5.2 Double integrals over general regions (Page 6/12)

Calculus volume 3 Page 6 / 12

It is very important to note that we required that the function be nonnegative on $D$ for the theorem to work. We consider only the case where the function has finitely many discontinuities inside $D .$

Evaluating a double improper integral

Consider the function $f (x, y) = \frac{e^{y}}{y}$ over the region $D = {(x, y) : 0 \leq x \leq 1, x \leq y \leq \sqrt{x}} .$

Notice that the function is nonnegative and continuous at all points on $D$ except $(0, 0) .$ Use Fubini’s theorem to evaluate the improper integral.
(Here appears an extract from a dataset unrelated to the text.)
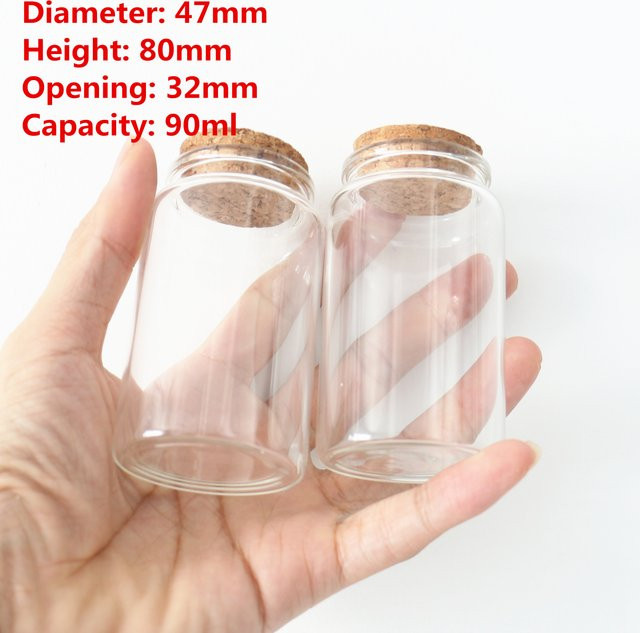 6er Set LYGIL Glasflaschen mit Korken, transparent, 90 ml - Bild 1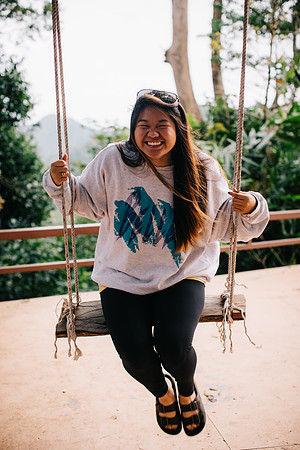 when there's a swing on the top of a mountain you swing on it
First we plot the region $D$ ( [link] ); then we express it in another way.

The line y = x is shown, as is y = the square root of x. — The function $f$ is continuous at all points of the region $D$ except $(0, 0) .$

The other way to express the same region $D$ is

D = {(x, y) : 0 \leq y \leq 1, y^{2} \leq x \leq y} .

Thus we can use Fubini’s theorem for improper integrals and evaluate the integral as

\int_{y = 0}^{y = 1} \int_{x = y^{2}}^{x = y} \frac{e^{y}}{y} d x d y .

Therefore, we have

\int_{y = 0}^{y = 1} \int_{x = y^{2}}^{x = y} \frac{e^{y}}{y} d x d y = \int_{y = 0}^{y = 1} \frac{e^{y}}{y} {x |}_{x = y^{2}}^{x = y} d y = \int_{y = 0}^{y = 1} \frac{e y}{y} (y - y^{2}) d y = \int_{0}^{1} (e y - y e^{y}) d y = e - 2 .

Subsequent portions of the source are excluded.